Question and Comments

I have received one question and two comments since I last posted.

What is ppm C?

I am sorry for abbreviating, this should be spelled out at least once/blog, and it’s been a while. ppm C is an abbreviation for ppmv C which means parts per million volume carbon. The current level of atmospheric carbon is 380 ppmv C — out of every million units of air, 380 units are carbon dioxide. Doesn’t sound like much to be having such a great effect?

Methane is measured in even smaller units, ppb, or parts per billion.

Comments that go beyond nays and praise Thanks to Susan for her comments on the previous post on how we talk, and how we think about issues. Please read her comment!

Thanks as well to Bob for his comments on biofuels. He points out (in a longish comment, read the whole thing) that we need to look at behavior as well. This is absolutely true, but go to the post on Making Transit Work to see how difficult it is to effect behavior change. For those who missed it, this is a National Academy of Science examination of how to double transit use in the US from 2% to 4%. This modest goal, which will likely take decades to achieve, will be a small blip in the upward exponential use of airplane and automobile.

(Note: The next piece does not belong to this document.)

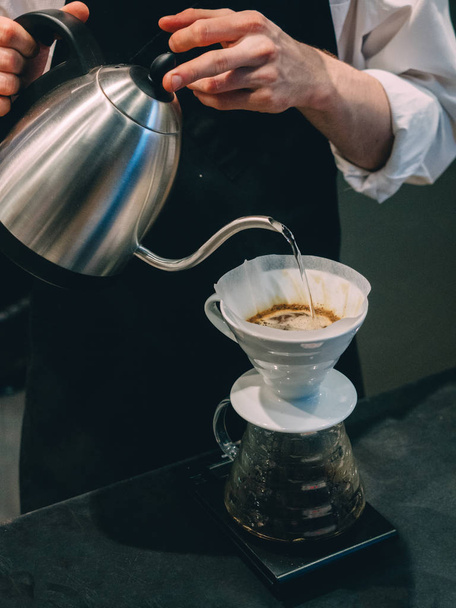 Maken van pour-over koffie met een hario V60 dripper. - Foto, afbeelding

In reality, we need both technology and policy changes and behavior changes on top of those. Policy changes will lead to behavior changes, but we need behavior to change more rapidly.

There are two reasons for this. First, there is reason to doubt that policy and technology changes will be fast or deep enough to confront climate change and other environmental disasters. And second, people who look at their own flying and driving, who look at how far their food travels and the environmental impact of where they live, are more likely to push the issues with the general public and with legislators.

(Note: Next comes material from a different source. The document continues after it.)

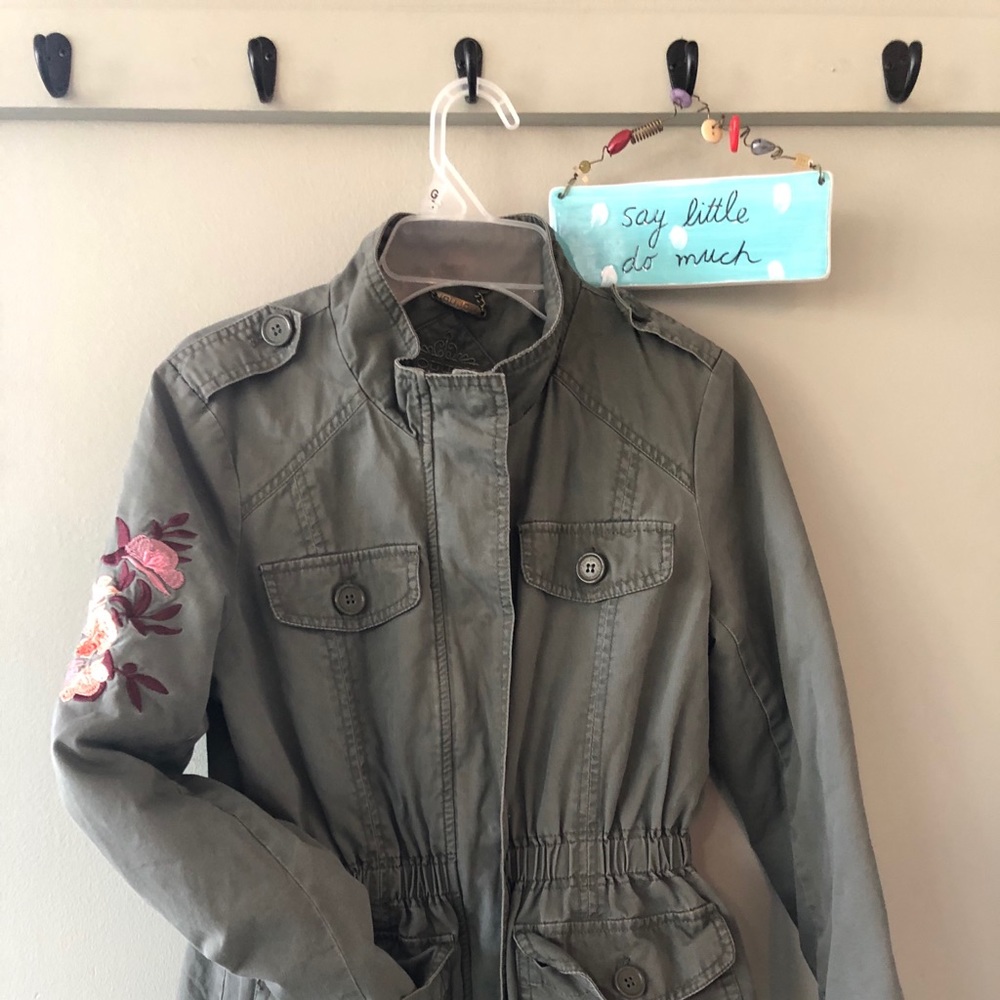JOUJOU Olive Green Embroidered Flowers Jacket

One Response to “Question and Comments”

  1. Bob Seeley says:

    I agree with all this. We need changes in all three areas mentioned-technology, policy, and behavior. My point was that poor policy and poor social design make behavior change less likely, and better policy and design can help to facilitate it. If we build our communities on the assumption of cheap and abundant fuel (and without taking into account the environment), as we did done in the latter half of the 20th century and the early years of the 21st, we end up encouraging people to use energy wastefully and in environmentally destructive ways. If you can’t get anywhere without a private car, as you can’t in many late 20th century suburbs, you will regard your private car as essential.

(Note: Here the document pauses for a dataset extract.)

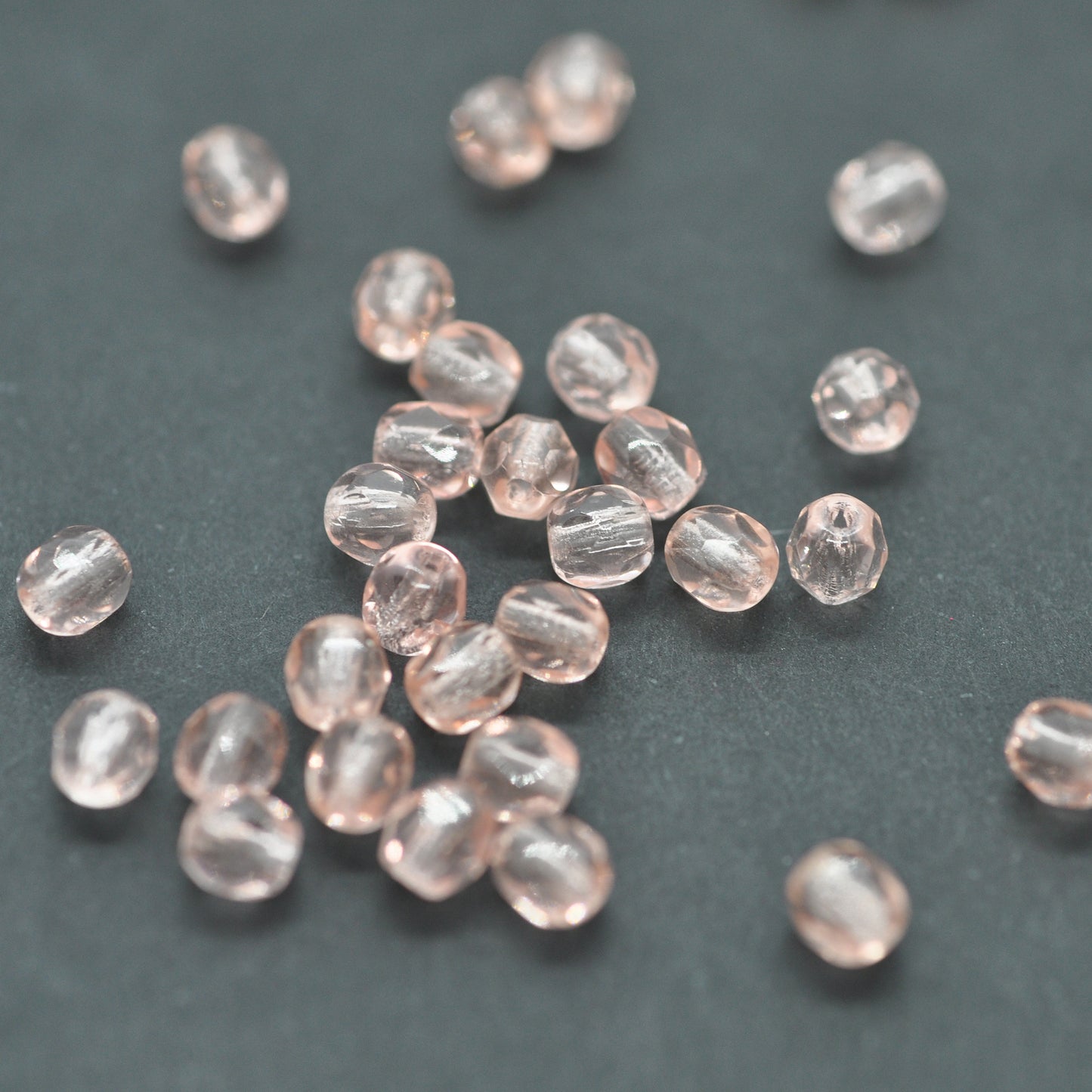 Preciosa ground glass beads / pink / 100 pcs. / 4mm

    Building better-designed, more environmentally sound communities will not in itself cause people to change their behavior, but it will make change an option. Building standard sprawling suburbs makes change more difficult for all but hermits. People who want to visit family members or friends will find it hard to do so without a vehicle.

    I don’t, however, mean to suggest that any of this will happen fast enough to effect the necessary changes. We (meaning our species) need to come up with short-term fixes that will make it possible to build more environmentally sound communities in the long run. Otherwise there will be no long run.

    This appears to contradict my first paragraph above, which seemed to make better design primary, so I should clarify. Better design is one primary need for the long run; but it can’t be primary for the short run. I can’t personally think of a way out of this box, at least not yet. But recognition that we are in a box is the first step toward doing something about it.